En Danemark trônait, triste et pâle fantôme,
Dans ses mains embrouillant les rênes du royaume,
Un monarque débile, un Charles deux du Nord,
Christian, pauvre roi qu’écrase un poids trop fort.
Parti du fond du peuple et du peuple ayant l’âme,
Aimant ce qu’il admire, évitant ce qu’il blâme,
Struensée, un penseur, grand cœur et nom obscur,
A gravi cette pente où nul n’a le pied sûr.
Souverain sans couronne, il règne, il administre,
Il fait fuir les abus dans leur ombre sinistre,
Et, pour en éclairer ses plans nobles et beaux,
Partout d’un nouveau jour allume les flambeaux.

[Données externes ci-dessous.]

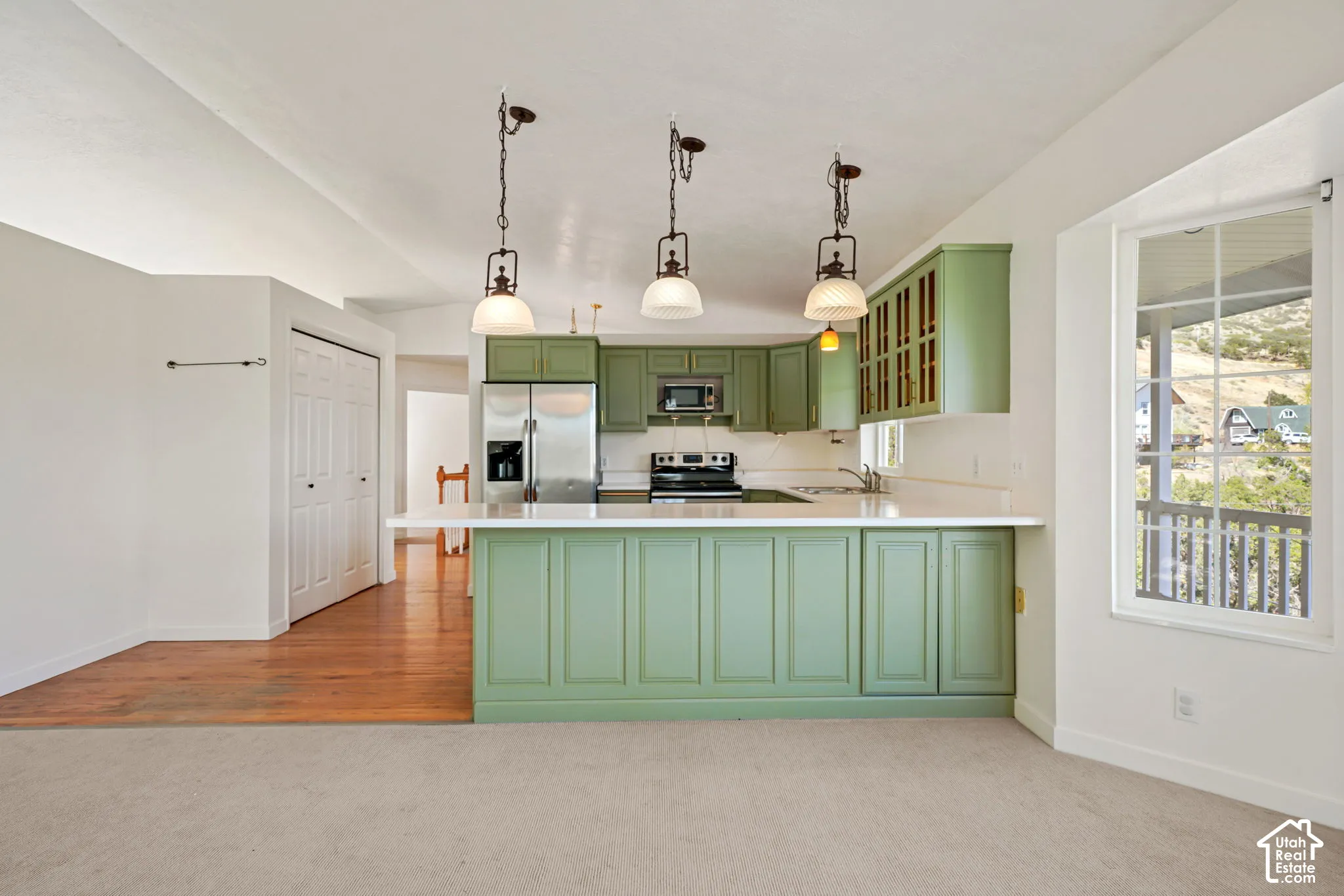 Kitchen featuring painted cabinetry, a peninsula with counter seating, stainless steel appliances, and a window overlooking a mountainous backdrop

Il a, comme Ruy-Blas, fait le rêve suprême
De sauver tout un peuple en sauvant ce qu’il aime,
Et sans calcul donné, plein d’amour et de foi,
À la reine son âme et sa pensée au roi.
Il soulage à la fois, tendre et sublime aumône,
Cette double misère assise sur le trône,
La tête sans idée et le cœur sans amour.
Mais c’est un sol mouvant que le sol de la cour.
De l’élévation où monte Struensée,
La reine douairière offusquée et froissée,
Avec ses confidents Schack, Guldberg et Kœller,
Machine des complots aussi noirs que l’enfer.
Vieille, elle est attachée à la vieille noblesse.